When California's attorney general counters the president’s State of the Union address with the Democrats' Spanish language rebuttal on Tuesday, it won’t be the first time Xavier Becerra has taken swings at Donald Trump's policies.
In fact, according to Democrats, Becerra has filed more than 100 legal actions — 45 of them lawsuits — against the Trump administration.
Becerra will delivered his response live on Spanish-language media outlets Tuesday night, while Stacey Abrams, who ran unsuccessfully for Georgia governor last year, will deliver the Democratic response in English. This will be the first time the Spanish-language Democratic response has been delivered live, a Democratic aide said.
For those who tune in, Becerra said they can expect some tough talk. NBC News' sister network Telemundo, as well as Univision, will air his speech after the president's 9 p.m. EST speech ends.

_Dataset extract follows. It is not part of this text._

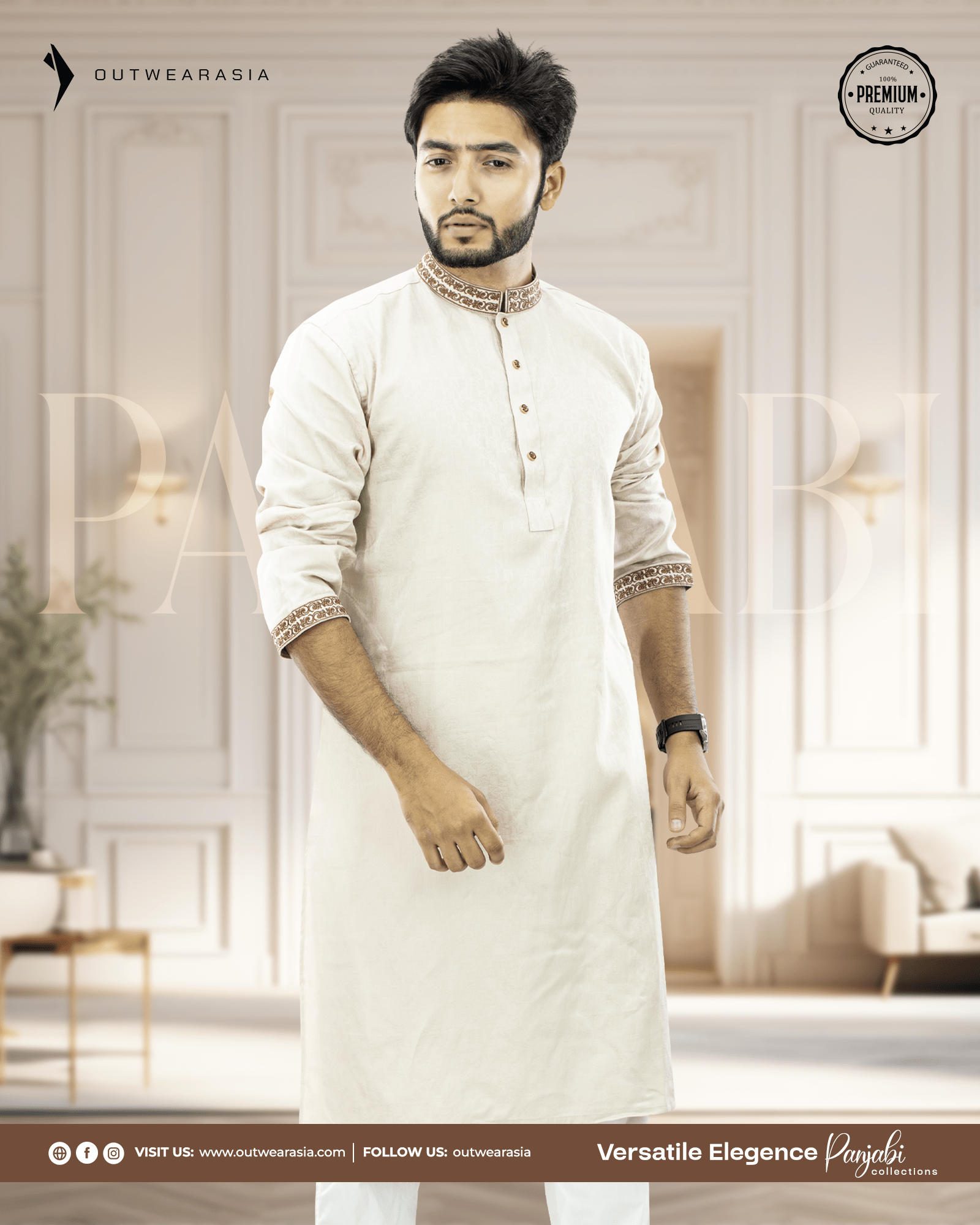 Outwear Men's Exclusive Embroidered Cotton Panjabi- D29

"I always go for the fences, and this won't be any different," Becerra told NBC News in a telephone interview.
Americans "don't have to be hoodwinked on what the true state of the union is when it's not so good," he said.
Becerra delivered a State of the Union response in January 2007 as President George W. Bush was winding down his second term and after an election in which the Democrats captured the majority in the House and the Senate.
In that recorded speech, Becerra — then a congressman — called for a troop pullout from Iraq, but also pushed for an increase in the minimum wage, reductions in prescription drug costs, cuts in college costs, more access to health care and immigration reform.
House Speaker Nancy Pelosi and Senate Minority Leader Chuck Schumer said in a statement that they had chosen Becerra because of his record fighting for health care and against "the Trump administration’s harmful and divisive attacks."
As California's attorney general, Becerra is the state’s lawyer. But he has essentially become a lawyer for Americans who oppose many of the president's policies, serving as a leader of the anti-Trump "resistance."
He’s led a coalition of attorneys general in defending the Affordable Care Act, and fought the Trump administration's attempts to end the Deferred Action for Childhood Arrivals, or DACA, program.
He’s also tangled with the administration through the courts on education, the environment, attempts to add a citizenship question on the 2020 Census, and over a state law restricting local law enforcement authorities from enforcing federal immigration laws.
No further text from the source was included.